Dataset excerpts |
* * * * *
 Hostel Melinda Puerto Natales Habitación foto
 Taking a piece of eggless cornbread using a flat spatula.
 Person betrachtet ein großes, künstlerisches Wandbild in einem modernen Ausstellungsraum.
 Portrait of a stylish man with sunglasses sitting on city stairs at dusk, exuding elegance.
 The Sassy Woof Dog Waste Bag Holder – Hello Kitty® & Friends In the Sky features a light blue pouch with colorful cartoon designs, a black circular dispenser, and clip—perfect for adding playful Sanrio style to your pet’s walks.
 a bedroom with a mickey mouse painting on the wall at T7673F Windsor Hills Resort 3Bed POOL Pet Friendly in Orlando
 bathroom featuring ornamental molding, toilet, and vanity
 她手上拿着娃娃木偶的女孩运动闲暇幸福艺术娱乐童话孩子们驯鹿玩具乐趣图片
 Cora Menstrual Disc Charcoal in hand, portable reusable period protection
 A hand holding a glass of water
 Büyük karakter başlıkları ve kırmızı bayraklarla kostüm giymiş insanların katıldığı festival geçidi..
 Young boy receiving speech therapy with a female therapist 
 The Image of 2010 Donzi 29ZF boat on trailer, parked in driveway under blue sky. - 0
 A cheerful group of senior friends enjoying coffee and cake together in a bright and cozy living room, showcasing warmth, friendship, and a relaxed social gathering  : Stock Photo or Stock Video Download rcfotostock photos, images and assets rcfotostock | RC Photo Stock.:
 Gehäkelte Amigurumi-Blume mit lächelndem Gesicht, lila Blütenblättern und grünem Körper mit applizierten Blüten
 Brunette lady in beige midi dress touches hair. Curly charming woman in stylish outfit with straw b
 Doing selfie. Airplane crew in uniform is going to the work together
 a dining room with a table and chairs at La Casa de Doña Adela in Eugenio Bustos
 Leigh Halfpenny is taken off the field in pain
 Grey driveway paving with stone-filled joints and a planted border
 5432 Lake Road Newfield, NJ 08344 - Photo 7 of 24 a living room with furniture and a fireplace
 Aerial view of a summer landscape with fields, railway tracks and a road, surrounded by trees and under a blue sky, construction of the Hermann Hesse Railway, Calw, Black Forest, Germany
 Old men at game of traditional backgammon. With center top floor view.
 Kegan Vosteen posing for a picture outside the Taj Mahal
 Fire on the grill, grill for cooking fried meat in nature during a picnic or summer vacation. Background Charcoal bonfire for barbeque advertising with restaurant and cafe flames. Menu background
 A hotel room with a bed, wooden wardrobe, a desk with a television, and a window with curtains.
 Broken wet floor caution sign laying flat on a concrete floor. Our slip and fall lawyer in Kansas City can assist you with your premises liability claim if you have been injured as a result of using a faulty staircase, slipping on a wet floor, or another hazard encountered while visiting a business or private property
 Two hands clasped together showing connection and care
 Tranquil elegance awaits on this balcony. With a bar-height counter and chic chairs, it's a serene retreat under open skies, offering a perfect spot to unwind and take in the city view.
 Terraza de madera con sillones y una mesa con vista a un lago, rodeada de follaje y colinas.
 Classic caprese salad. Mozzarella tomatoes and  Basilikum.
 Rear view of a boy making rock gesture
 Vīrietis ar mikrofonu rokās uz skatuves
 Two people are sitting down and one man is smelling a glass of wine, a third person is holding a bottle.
* * * * *
Exercise prompt |
For this exercise, copy all of the material exactly as it stands.

Response area |
 Hostel Melinda Puerto Natales Habitación foto
 Taking a piece of eggless cornbread using a flat spatula.
 Person betrachtet ein großes, künstlerisches Wandbild in einem modernen Ausstellungsraum.
 Portrait of a stylish man with sunglasses sitting on city stairs at dusk, exuding elegance.
 The Sassy Woof Dog Waste Bag Holder – Hello Kitty® & Friends In the Sky features a light blue pouch with colorful cartoon designs, a black circular dispenser, and clip—perfect for adding playful Sanrio style to your pet’s walks.
 a bedroom with a mickey mouse painting on the wall at T7673F Windsor Hills Resort 3Bed POOL Pet Friendly in Orlando
 bathroom featuring ornamental molding, toilet, and vanity
 她手上拿着娃娃木偶的女孩运动闲暇幸福艺术娱乐童话孩子们驯鹿玩具乐趣图片
 Cora Menstrual Disc Charcoal in hand, portable reusable period protection
 A hand holding a glass of water
 Büyük karakter başlıkları ve kırmızı bayraklarla kostüm giymiş insanların katıldığı festival geçidi..
 Young boy receiving speech therapy with a female therapist 
 The Image of 2010 Donzi 29ZF boat on trailer, parked in driveway under blue sky. - 0
 A cheerful group of senior friends enjoying coffee and cake together in a bright and cozy living room, showcasing warmth, friendship, and a relaxed social gathering  : Stock Photo or Stock Video Download rcfotostock photos, images and assets rcfotostock | RC Photo Stock.:
 Gehäkelte Amigurumi-Blume mit lächelndem Gesicht, lila Blütenblättern und grünem Körper mit applizierten Blüten
 Brunette lady in beige midi dress touches hair. Curly charming woman in stylish outfit with straw b
 Doing selfie. Airplane crew in uniform is going to the work together
 a dining room with a table and chairs at La Casa de Doña Adela in Eugenio Bustos
 Leigh Halfpenny is taken off the field in pain
 Grey driveway paving with stone-filled joints and a planted border
 5432 Lake Road Newfield, NJ 08344 - Photo 7 of 24 a living room with furniture and a fireplace
 Aerial view of a summer landscape with fields, railway tracks and a road, surrounded by trees and under a blue sky, construction of the Hermann Hesse Railway, Calw, Black Forest, Germany
 Old men at game of traditional backgammon. With center top floor view.
 Kegan Vosteen posing for a picture outside the Taj Mahal
 Fire on the grill, grill for cooking fried meat in nature during a picnic or summer vacation. Background Charcoal bonfire for barbeque advertising with restaurant and cafe flames. Menu background
 A hotel room with a bed, wooden wardrobe, a desk with a television, and a window with curtains.
 Broken wet floor caution sign laying flat on a concrete floor. Our slip and fall lawyer in Kansas City can assist you with your premises liability claim if you have been injured as a result of using a faulty staircase, slipping on a wet floor, or another hazard encountered while visiting a business or private property
 Two hands clasped together showing connection and care
 Tranquil elegance awaits on this balcony. With a bar-height counter and chic chairs, it's a serene retreat under open skies, offering a perfect spot to unwind and take in the city view.
 Terraza de madera con sillones y una mesa con vista a un lago, rodeada de follaje y colinas.
 Classic caprese salad. Mozzarella tomatoes and  Basilikum.
 Rear view of a boy making rock gesture
 Vīrietis ar mikrofonu rokās uz skatuves
 Two people are sitting down and one man is smelling a glass of wine, a third person is holding a bottle.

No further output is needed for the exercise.